My weight problem and how I solved it (part 1)
I trace the origin of my weight problem back to my 16th year. But really it goes back prior to my conception. My mother was fat. Her mother was fat. And her mother’s mother was fat. But I do not attribute my problem with weight to genetics. I believe it had more to do with attitudes and habits about food and eating that were handed down from generation to generation to generation, albeit unknowingly. I was a thin baby and a thin child, thin to the point of being skinny and being ridiculed about it.
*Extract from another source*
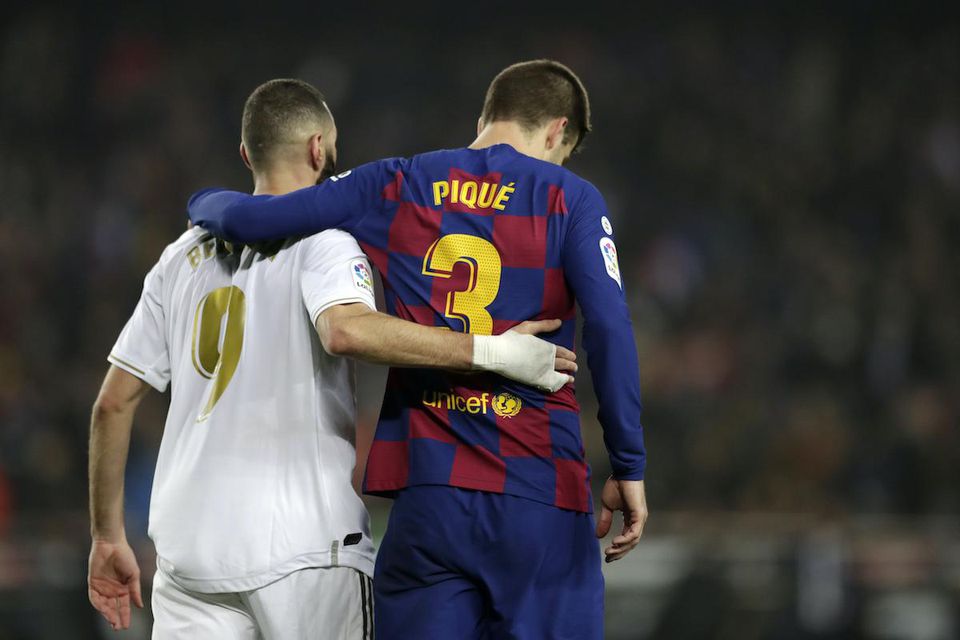 Hráč FC Barcelony Gerard Pique (vpravo) a hráč Realu Madrid Karim Benzema.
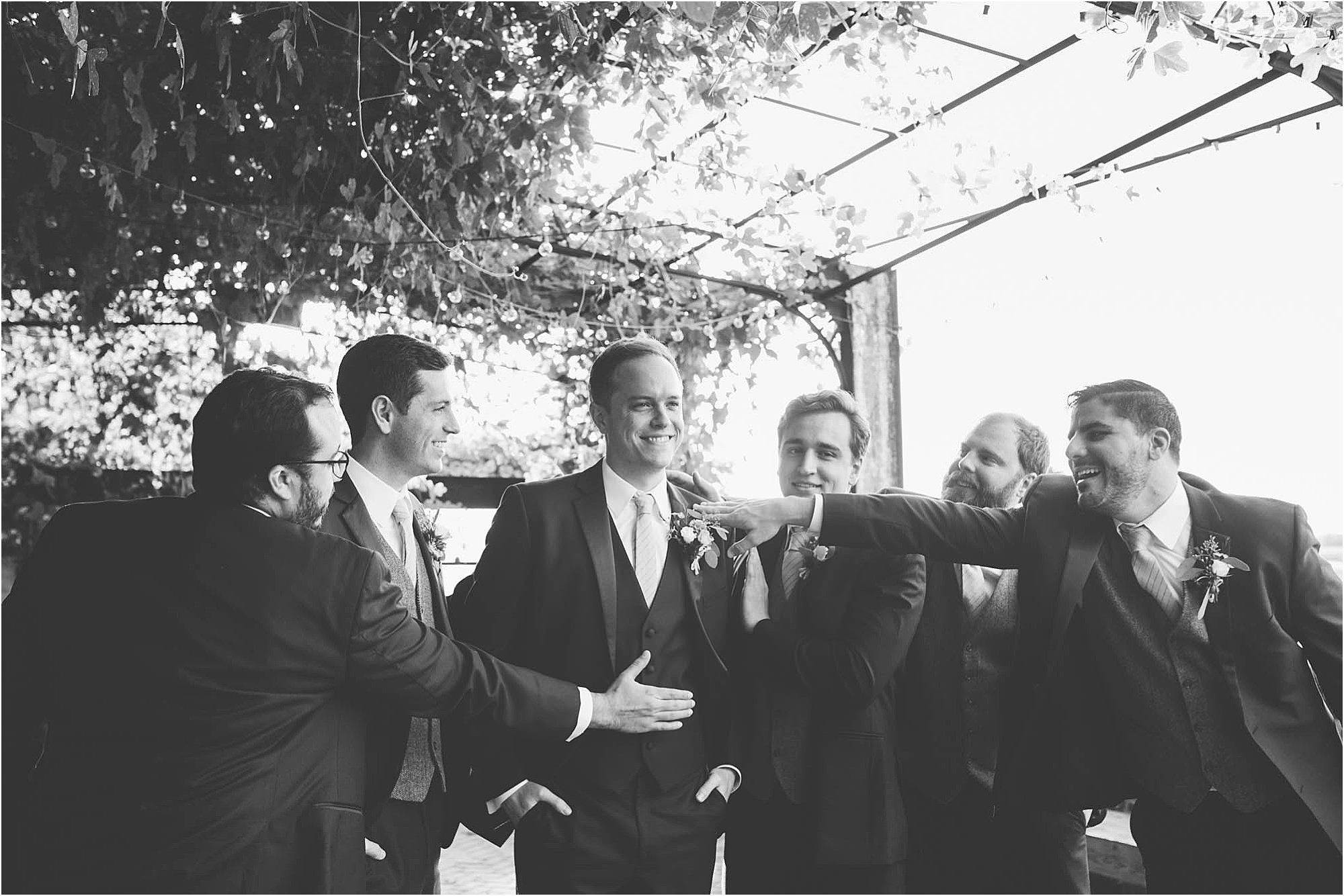 black and white groom and groomsmen photos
I remember drinking malted milk shakes in the hopes of rectifying the situation. All to no avail. Until sometime between my fourteenth and sixteenth years, I gradually began to put on weight.
How It All Began
At first I was pleased by this turn of events because finally I was no longer skinny. But I almost immediately began fearing the opposite possibility – that I would become fat like my mother. At the time I was 5’7″ tall and weighed 125 pounds, hardly overweight, much less fat. But that was my fear. At about this time, I met two women who were acquaintances of my mother. They were discussing ways of controlling weight. According to them the quickest and most efficient way to lose weight was to fast – a person could lose 10 or even 15 pounds this way in a week’s time. The idea of fasting had never occurred to me and probably never would have had I not met these women. However, the idea immediately appealed to me and seemed the answer to my problem (a problem that was all in my head, of course, but very real to me, none the less). I decided to stop eating until I had lost enough weight to give myself a comfortable margin of safety.
The Fast
The first two days of the fast were very difficult. I was extremely hungry and maintained the fast only by exercising great will power. By the third day, however, the hunger had passed. I was not the slightest bit hungry. I had no appetite at all. I felt that I did not want or need to eat ever again. I continued on the fast, ingesting nothing but water, for two weeks. At this point, I weighed 105 pounds. But I was not quite satisfied that I was thin enough. My hips were not as slim as they should have been. I decided a few more pounds and a couple of more days would do it. However, I was frightened into terminating the fast prematurely. I had gone to the beach and gotten a severe sunburn. I applied cooling Noxzema that night and a few minutes later I woke up on the floor. I had fainted. I applied Noxzema again and woke up on the floor again. I had felt no weakness up to that point. Although the shock of the cold application against my sunburned skin was undoubtedly the precipitating factor in my fainting, I felt that the underlying cause was my weakened condition due to the fast. I had never fainted before, and I was scared. I decided the time had come to resume eating. And so I did. And all hell broke loose.